What the task requires: Please return every line of the records below that holds the word "Christmas".

(Stored items)
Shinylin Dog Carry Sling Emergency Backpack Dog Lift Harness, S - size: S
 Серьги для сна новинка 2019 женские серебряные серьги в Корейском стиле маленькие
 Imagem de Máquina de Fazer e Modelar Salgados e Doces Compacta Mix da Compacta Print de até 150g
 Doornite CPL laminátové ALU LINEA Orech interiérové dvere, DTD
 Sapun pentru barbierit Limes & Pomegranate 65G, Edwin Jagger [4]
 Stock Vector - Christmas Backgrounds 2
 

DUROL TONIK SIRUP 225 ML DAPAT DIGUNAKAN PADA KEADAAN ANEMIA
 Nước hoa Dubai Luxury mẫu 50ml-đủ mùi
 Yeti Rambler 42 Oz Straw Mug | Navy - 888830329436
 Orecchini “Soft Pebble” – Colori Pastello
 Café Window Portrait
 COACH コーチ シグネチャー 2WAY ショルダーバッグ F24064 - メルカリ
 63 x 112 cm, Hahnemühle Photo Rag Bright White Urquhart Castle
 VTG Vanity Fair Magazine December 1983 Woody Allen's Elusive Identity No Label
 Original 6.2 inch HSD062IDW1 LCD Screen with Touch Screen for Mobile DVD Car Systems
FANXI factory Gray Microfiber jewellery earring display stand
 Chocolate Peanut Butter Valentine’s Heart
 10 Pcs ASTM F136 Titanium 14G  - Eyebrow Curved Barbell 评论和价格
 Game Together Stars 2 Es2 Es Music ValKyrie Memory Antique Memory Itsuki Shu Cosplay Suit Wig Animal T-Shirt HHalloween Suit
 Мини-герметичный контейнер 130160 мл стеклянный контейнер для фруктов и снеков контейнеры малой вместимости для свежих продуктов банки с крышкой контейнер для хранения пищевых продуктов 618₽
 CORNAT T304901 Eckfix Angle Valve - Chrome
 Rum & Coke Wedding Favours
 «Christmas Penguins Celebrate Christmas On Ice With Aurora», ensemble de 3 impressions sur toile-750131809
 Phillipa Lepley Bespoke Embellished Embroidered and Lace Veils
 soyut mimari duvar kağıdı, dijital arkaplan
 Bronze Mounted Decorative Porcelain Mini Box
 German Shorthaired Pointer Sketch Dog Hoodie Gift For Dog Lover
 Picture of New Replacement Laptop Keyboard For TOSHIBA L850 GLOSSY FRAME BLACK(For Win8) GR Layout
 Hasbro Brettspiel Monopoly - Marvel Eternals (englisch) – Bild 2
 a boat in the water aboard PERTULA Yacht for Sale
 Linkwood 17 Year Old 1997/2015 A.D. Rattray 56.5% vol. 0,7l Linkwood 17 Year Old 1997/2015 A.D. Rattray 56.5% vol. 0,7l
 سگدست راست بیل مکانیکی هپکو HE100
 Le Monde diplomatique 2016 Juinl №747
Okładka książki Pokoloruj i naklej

Answer section:
 Stock Vector - Christmas Backgrounds 2
 «Christmas Penguins Celebrate Christmas On Ice With Aurora», ensemble de 3 impressions sur toile-750131809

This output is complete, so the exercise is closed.